Work to complete » The full listing should be duplicated word for word.

Exercise material »

::::::::

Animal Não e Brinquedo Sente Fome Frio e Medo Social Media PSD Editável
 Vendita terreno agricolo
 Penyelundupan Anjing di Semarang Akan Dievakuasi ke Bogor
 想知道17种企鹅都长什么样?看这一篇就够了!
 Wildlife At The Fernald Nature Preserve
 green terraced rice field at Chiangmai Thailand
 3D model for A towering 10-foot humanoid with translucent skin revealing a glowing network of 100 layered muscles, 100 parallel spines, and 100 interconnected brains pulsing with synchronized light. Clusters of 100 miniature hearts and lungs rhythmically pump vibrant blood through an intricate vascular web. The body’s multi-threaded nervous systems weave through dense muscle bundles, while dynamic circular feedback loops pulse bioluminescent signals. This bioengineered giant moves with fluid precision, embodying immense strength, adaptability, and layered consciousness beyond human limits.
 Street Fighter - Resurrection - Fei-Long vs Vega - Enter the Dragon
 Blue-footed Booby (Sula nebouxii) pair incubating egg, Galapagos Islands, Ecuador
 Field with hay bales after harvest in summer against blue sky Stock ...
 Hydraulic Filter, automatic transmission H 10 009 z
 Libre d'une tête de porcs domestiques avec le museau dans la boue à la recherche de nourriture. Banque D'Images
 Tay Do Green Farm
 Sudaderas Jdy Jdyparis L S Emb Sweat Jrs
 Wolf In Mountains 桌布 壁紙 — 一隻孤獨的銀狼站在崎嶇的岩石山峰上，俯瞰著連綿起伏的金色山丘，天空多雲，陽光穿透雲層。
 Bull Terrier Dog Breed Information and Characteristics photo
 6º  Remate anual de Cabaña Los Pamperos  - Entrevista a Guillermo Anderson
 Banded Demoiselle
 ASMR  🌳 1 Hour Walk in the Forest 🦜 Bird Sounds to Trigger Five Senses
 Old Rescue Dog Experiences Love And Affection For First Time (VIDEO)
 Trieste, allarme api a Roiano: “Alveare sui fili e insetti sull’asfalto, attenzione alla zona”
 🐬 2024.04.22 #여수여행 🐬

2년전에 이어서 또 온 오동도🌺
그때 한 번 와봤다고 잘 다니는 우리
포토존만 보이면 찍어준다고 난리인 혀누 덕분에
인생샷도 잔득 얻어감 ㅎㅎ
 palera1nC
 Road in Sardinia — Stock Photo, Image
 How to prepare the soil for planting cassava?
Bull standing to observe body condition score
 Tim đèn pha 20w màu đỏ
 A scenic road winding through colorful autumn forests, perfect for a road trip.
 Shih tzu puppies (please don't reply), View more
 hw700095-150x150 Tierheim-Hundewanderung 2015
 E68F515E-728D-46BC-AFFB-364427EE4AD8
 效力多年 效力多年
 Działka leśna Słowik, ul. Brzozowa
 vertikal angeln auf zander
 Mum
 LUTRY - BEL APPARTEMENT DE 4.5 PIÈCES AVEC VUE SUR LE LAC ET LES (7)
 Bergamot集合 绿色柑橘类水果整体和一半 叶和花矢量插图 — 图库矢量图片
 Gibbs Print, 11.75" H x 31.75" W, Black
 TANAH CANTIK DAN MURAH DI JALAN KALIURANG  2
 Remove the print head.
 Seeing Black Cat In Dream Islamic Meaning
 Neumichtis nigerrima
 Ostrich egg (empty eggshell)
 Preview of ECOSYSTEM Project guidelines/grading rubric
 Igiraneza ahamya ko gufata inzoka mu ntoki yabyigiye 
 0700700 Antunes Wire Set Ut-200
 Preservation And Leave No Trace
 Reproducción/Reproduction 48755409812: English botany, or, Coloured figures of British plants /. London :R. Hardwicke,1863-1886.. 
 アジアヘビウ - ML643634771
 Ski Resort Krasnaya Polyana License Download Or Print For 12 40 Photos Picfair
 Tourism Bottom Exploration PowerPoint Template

::::::::

Result of this exercise »
Animal Não e Brinquedo Sente Fome Frio e Medo Social Media PSD Editável
 Vendita terreno agricolo
 Penyelundupan Anjing di Semarang Akan Dievakuasi ke Bogor
 想知道17种企鹅都长什么样?看这一篇就够了!
 Wildlife At The Fernald Nature Preserve
 green terraced rice field at Chiangmai Thailand
 3D model for A towering 10-foot humanoid with translucent skin revealing a glowing network of 100 layered muscles, 100 parallel spines, and 100 interconnected brains pulsing with synchronized light. Clusters of 100 miniature hearts and lungs rhythmically pump vibrant blood through an intricate vascular web. The body’s multi-threaded nervous systems weave through dense muscle bundles, while dynamic circular feedback loops pulse bioluminescent signals. This bioengineered giant moves with fluid precision, embodying immense strength, adaptability, and layered consciousness beyond human limits.
 Street Fighter - Resurrection - Fei-Long vs Vega - Enter the Dragon
 Blue-footed Booby (Sula nebouxii) pair incubating egg, Galapagos Islands, Ecuador
 Field with hay bales after harvest in summer against blue sky Stock ...
 Hydraulic Filter, automatic transmission H 10 009 z
 Libre d'une tête de porcs domestiques avec le museau dans la boue à la recherche de nourriture. Banque D'Images
 Tay Do Green Farm
 Sudaderas Jdy Jdyparis L S Emb Sweat Jrs
 Wolf In Mountains 桌布 壁紙 — 一隻孤獨的銀狼站在崎嶇的岩石山峰上，俯瞰著連綿起伏的金色山丘，天空多雲，陽光穿透雲層。
 Bull Terrier Dog Breed Information and Characteristics photo
 6º  Remate anual de Cabaña Los Pamperos  - Entrevista a Guillermo Anderson
 Banded Demoiselle
 ASMR  🌳 1 Hour Walk in the Forest 🦜 Bird Sounds to Trigger Five Senses
 Old Rescue Dog Experiences Love And Affection For First Time (VIDEO)
 Trieste, allarme api a Roiano: “Alveare sui fili e insetti sull’asfalto, attenzione alla zona”
 🐬 2024.04.22 #여수여행 🐬

2년전에 이어서 또 온 오동도🌺
그때 한 번 와봤다고 잘 다니는 우리
포토존만 보이면 찍어준다고 난리인 혀누 덕분에
인생샷도 잔득 얻어감 ㅎㅎ
 palera1nC
 Road in Sardinia — Stock Photo, Image
 How to prepare the soil for planting cassava?
Bull standing to observe body condition score
 Tim đèn pha 20w màu đỏ
 A scenic road winding through colorful autumn forests, perfect for a road trip.
 Shih tzu puppies (please don't reply), View more
 hw700095-150x150 Tierheim-Hundewanderung 2015
 E68F515E-728D-46BC-AFFB-364427EE4AD8
 效力多年 效力多年
 Działka leśna Słowik, ul. Brzozowa
 vertikal angeln auf zander
 Mum
 LUTRY - BEL APPARTEMENT DE 4.5 PIÈCES AVEC VUE SUR LE LAC ET LES (7)
 Bergamot集合 绿色柑橘类水果整体和一半 叶和花矢量插图 — 图库矢量图片
 Gibbs Print, 11.75" H x 31.75" W, Black
 TANAH CANTIK DAN MURAH DI JALAN KALIURANG  2
 Remove the print head.
 Seeing Black Cat In Dream Islamic Meaning
 Neumichtis nigerrima
 Ostrich egg (empty eggshell)
 Preview of ECOSYSTEM Project guidelines/grading rubric
 Igiraneza ahamya ko gufata inzoka mu ntoki yabyigiye 
 0700700 Antunes Wire Set Ut-200
 Preservation And Leave No Trace
 Reproducción/Reproduction 48755409812: English botany, or, Coloured figures of British plants /. London :R. Hardwicke,1863-1886.. 
 アジアヘビウ - ML643634771
 Ski Resort Krasnaya Polyana License Download Or Print For 12 40 Photos Picfair
 Tourism Bottom Exploration PowerPoint Template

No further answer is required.